---------- PROVIDED DATA ----------
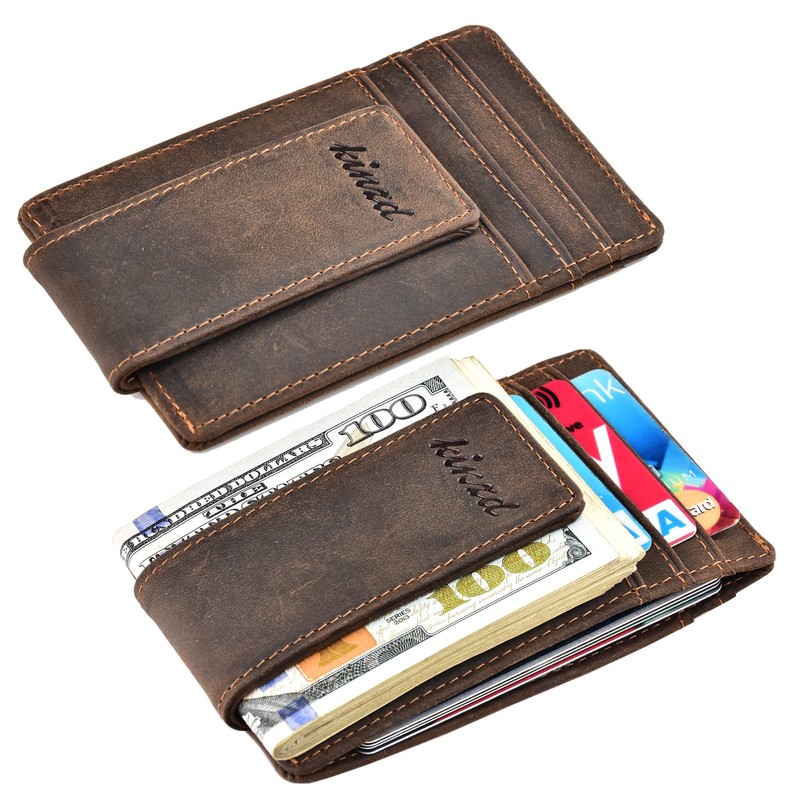 kinzd Money Clip, Front Pocket Wallet, Leather RFID Blocking Strong
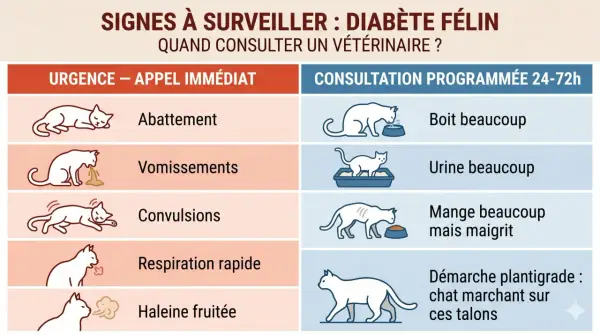 Signes de diabète félin : abattement, vomissements, convulsions, respiration rapide, haleine fruitée. Complications à surveiller.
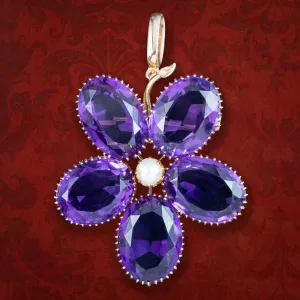 Antique Victorian Amethyst Pearl Leaf Pendant 15ct Gold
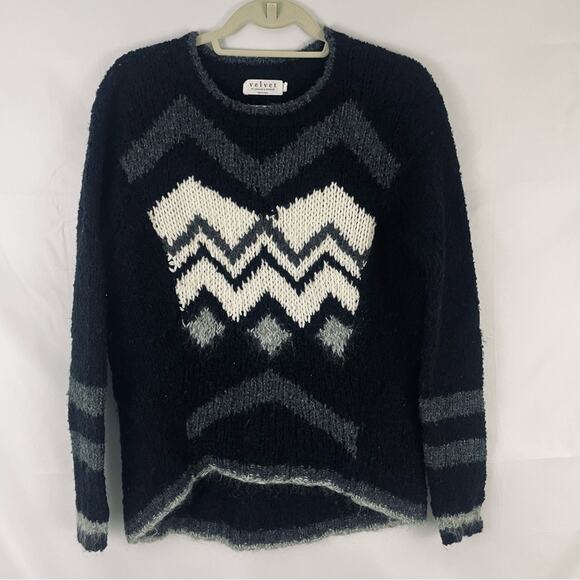 🍒Velvet Jubilee Chevron Knit‎ Sweater Wool Blend Black Nordic Pattern Ski Small - Picture 5 of 11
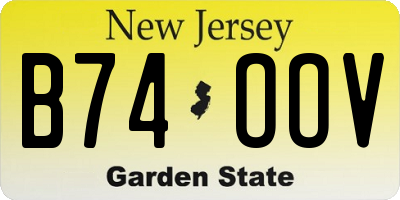 NJ license plate B74OOV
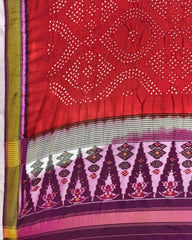 Purple & Red Bandhani Patola Dupatta - SindhoiPatolaArt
----------
> [EXERCISE PROMPT]
The answer must restate every entry word for word, with the pictures left out.

> [RESULT]
 kinzd Money Clip, Front Pocket Wallet, Leather RFID Blocking Strong
 Signes de diabète félin : abattement, vomissements, convulsions, respiration rapide, haleine fruitée. Complications à surveiller.
 Antique Victorian Amethyst Pearl Leaf Pendant 15ct Gold
 🍒Velvet Jubilee Chevron Knit‎ Sweater Wool Blend Black Nordic Pattern Ski Small - Picture 5 of 11
 NJ license plate B74OOV
 Purple & Red Bandhani Patola Dupatta - SindhoiPatolaArt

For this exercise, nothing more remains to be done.